British Future
- Formation: 7 June 2011
- Type: Think tank, charitable organization
- Headquarters: Kean House, 6 Kean Street, London, WC2B 4AS
- Location: London, England;
- Director: Sunder Katwala
- Website: www.britishfuture.org

= British Future =

British think tank and charity

British Future is a UK-based think tank and registered charity whose stated aim is to advance the education of the public in the subjects of equality and diversity, human rights, racial and cultural harmony, citizenship and social inclusion.

== History ==
Incorporated in June 2011, it was initially called The Communications Organisation and was renamed British Future in December 2011. It became a charity in 2014, having previously been run as a not-for-profit organisation.

Its director is Sunder Katwala, a former director of the Fabian Society. He has vocalised concerns in regards to the impact right-wing politics is having on attitudes towards citizenship. British Future states that it is a non-partisan organisation.
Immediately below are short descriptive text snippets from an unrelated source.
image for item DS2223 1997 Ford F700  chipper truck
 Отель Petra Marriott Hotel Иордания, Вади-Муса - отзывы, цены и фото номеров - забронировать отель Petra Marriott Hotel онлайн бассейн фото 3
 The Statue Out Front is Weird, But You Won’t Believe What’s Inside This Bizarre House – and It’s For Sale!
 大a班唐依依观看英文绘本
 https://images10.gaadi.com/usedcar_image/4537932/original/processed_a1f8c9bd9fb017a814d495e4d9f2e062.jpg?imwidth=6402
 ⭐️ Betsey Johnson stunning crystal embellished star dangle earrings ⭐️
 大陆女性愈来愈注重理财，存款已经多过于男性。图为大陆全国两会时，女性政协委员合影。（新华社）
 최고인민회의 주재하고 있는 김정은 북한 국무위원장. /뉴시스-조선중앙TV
It works with other think tanks, including Demos.

== Research, polls and campaigns ==
In 2017, research by British Future suggested that the Conservative Party would have claimed a 42-seat majority in the 2017 general election if it had the same level of support among ethnic minority Britons as it does among white voters.

It ran a campaign for shops to close and sporting events not to be played on Remembrance Sunday 2014, ninety-six years after the end of the First World War.

The organisation conducts polls to gather public opinions. A British Future’s poll, reported in 2025 stated that 48% of people in Britain would support up to 50,000 refugees a year arriving in the UK and only 18% would oppose this. The organisation was involved in the largest public consultation on immigration, to gain a better grasp of public opinions on this subject.

== Publications ==
Its publications include This Sceptred Isle, Team GB: How 2012 Should Boost Britain, and Generation 2012: Optimism Despite Obstacles.